Task to complete: Every line in the records below that holds "Flexible" must be identified and copied.
==== Given data
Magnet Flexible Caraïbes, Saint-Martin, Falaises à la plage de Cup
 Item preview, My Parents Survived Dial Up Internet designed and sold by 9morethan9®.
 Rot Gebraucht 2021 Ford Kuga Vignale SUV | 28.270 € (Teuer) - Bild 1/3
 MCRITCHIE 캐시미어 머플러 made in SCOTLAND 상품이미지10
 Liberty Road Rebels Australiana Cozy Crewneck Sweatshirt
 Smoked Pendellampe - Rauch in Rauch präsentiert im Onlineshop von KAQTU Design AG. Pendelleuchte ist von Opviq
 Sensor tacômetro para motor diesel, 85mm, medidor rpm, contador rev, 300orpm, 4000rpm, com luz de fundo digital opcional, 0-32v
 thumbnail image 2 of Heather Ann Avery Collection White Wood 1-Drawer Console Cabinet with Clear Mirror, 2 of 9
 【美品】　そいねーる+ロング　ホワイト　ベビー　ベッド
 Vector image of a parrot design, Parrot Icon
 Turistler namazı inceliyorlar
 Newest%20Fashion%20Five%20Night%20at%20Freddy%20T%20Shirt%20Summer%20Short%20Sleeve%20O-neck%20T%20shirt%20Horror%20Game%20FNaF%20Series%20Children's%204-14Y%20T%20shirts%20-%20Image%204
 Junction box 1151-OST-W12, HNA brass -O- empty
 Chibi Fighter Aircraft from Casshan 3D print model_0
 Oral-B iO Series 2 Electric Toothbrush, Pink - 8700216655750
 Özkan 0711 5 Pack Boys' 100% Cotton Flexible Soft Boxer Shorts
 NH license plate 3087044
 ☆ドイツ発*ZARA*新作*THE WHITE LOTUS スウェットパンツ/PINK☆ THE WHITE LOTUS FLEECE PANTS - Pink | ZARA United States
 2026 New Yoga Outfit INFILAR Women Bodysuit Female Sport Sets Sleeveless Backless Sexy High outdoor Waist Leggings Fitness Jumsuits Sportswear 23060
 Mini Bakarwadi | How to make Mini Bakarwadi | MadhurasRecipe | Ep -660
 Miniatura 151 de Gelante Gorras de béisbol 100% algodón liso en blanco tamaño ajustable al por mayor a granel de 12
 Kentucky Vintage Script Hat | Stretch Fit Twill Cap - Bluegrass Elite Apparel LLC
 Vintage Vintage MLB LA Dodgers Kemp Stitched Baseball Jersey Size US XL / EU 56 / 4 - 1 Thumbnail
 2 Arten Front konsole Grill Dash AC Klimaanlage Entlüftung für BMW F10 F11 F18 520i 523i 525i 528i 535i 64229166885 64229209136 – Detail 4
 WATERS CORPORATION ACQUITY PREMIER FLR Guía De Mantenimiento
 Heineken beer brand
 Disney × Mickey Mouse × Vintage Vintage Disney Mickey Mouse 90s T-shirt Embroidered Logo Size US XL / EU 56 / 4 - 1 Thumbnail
========
Response:
Magnet Flexible Caraïbes, Saint-Martin, Falaises à la plage de Cup
 Özkan 0711 5 Pack Boys' 100% Cotton Flexible Soft Boxer Shorts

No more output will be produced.